Noemie Fox of Team Australia reacts after winning gold in the Canoe Slalom Women's Kayak Cross Final . GETTY IMAGES

Australia and New Zealand have emerged as the Olympic powerhouses in kayak cross, having taken gold in both the men's and women's team finals on Monday, with Great Britain also a standout performer with silver and bronze, respectively.

In the women's event, Australia's Naomi Fox won gold, followed by France's Angele Hug with silver, and bronze went to Great Britain's Kimberly Woods.

Fox is coming from one of the most famous paddling families, trained by her mother, Myiriam Fox, and her sister Jessica is an athlete in Paris, too. She debuted in 2015 World Cup in Krakow Poland and won bronze at the U23 World Championships in Ivrea, Italy.

In the men's event, gold went to New Zealand's Finn Buth, silver to Great Britain's Joseph Clark, and bronze to Germany's Noah Hegge. Buth is set for his Olympic debut at Paris 2024. The K1 reserve for Tokyo 2020 started paddling at the age of nine and has constantly improved over the years. 

He has a Bachelor's in Sports and Exercise Science from Massey University, and won a kayak cross World Cup silver on the Paris 2024 Olympic course in 2023.




New discipline

Since its debut at the Games at Munich 1972, canoe slalom has always included four events at the Games.

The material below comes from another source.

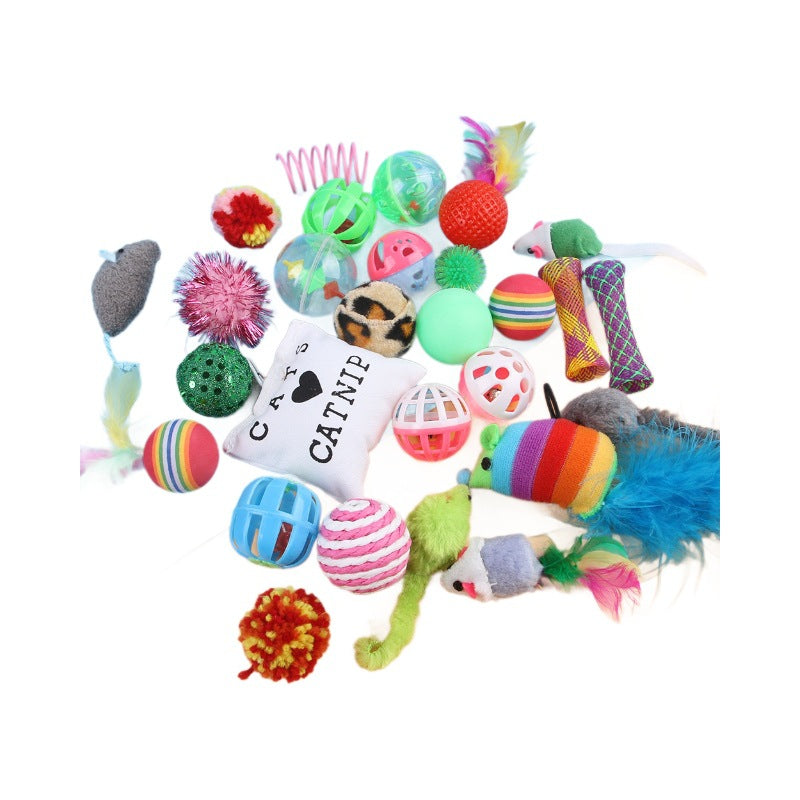 Summary of cat toy combination accessories Plastic bell ball flower drum rainbow ball feather mouse pet cat toy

Up until Rio 2016 those were men's canoe singles (C-1), men's kayak singles (K-1), women's kayak singles (K-1) and men's canoe doubles (C-2) until the latter was substituted for women's canoe singles (C-1) at Tokyo 2020. Kayak Cross is a sport that is only nine years old, but its popularity and excitement has made it onto the Olympic programme in Paris.

The start of the events takes place on a ramp more than two metres above the water's surface. There, four identical plastic (PVC) kayaks slide down the ramp to begin a descent, lasting no more than a minute, in which everything, or almost everything, is allowed.

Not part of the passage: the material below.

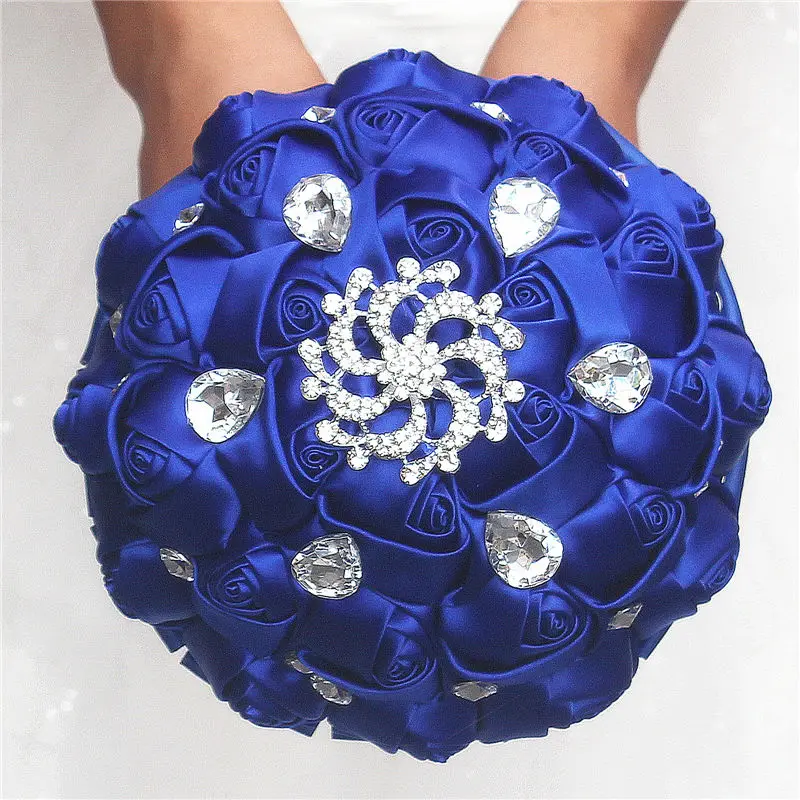 WifeLai-A Gorgeous Wedding Flowers Royal Blue Silk Ribbon Rose Bridal Bouquets Holding Flowers With Crystal buque de noiva W291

Finn Butcher of Team New Zealand competes during the Canoe Slalom Men's Kayak Cross Quarterfinal. GETTY IMAGES
Finn Butcher of Team New Zealand competes during the Canoe Slalom Men's Kayak Cross Quarterfinal. GETTY IMAGES

As in the Olympic Slalom, the participants have to pass through the buoys of the circuit to overcome up to eight gates (six uphill and two downhill) and perform a skimming (360º rotational turn of the canoe in the water, which means that the head disappears inside the channel for a couple of seconds), but unlike in the individual events, contact with the gates and other boats is allowed, although skipping a gate - or not turning the kayak at any point on the course, leads to disqualification.

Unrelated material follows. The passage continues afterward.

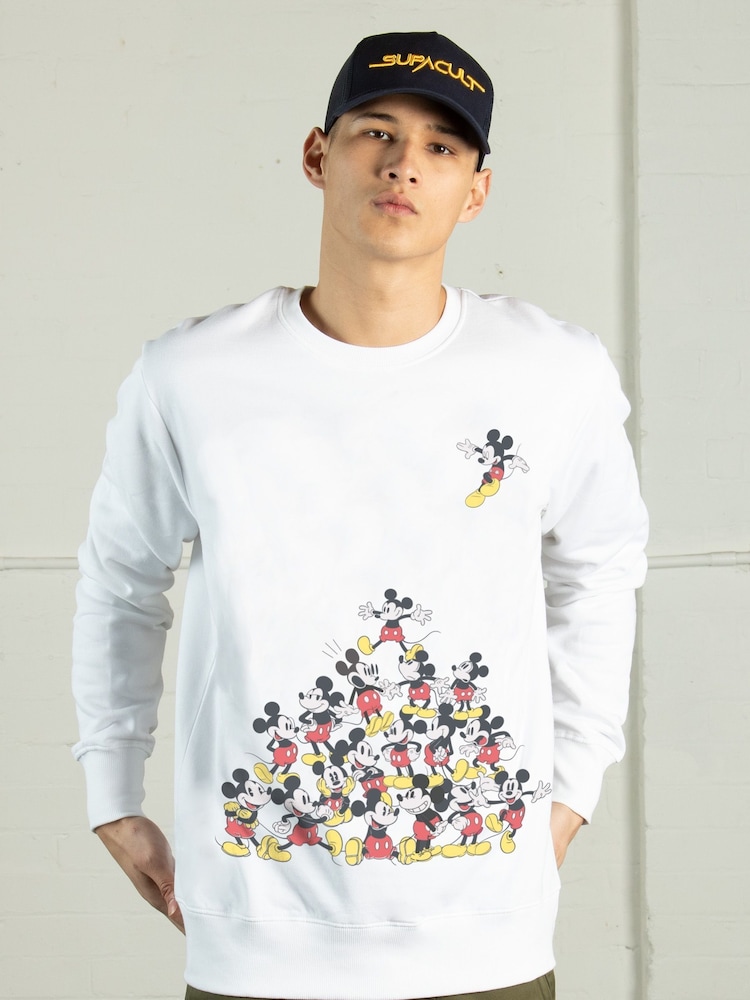 Supacult White Mickey Mouse Multi Mickey Men Sweatshirt - Image 2 of 4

Not only is there this penalty in a Kayak Cross race, but a paddler can also be cautioned by the judges if the start is interrupted, paddled dangerously or if the kayak is not completed within the allotted area. Kayak Cross races are so volatile that it is difficult to predict a favourite for each of the descents, they are 'neck and neck' races between the participants and where leading at the beginning of the race is not synonymous with victory.

In terms of the competition system, first there are individual time trial descents where the best times go through to the elimination rounds, then there is a preliminary and from there it's on to the quarter-final rounds, where the first two of each descent qualify for the next series and the last two are eliminated. This goes on until the final, where the top three finish on the podium.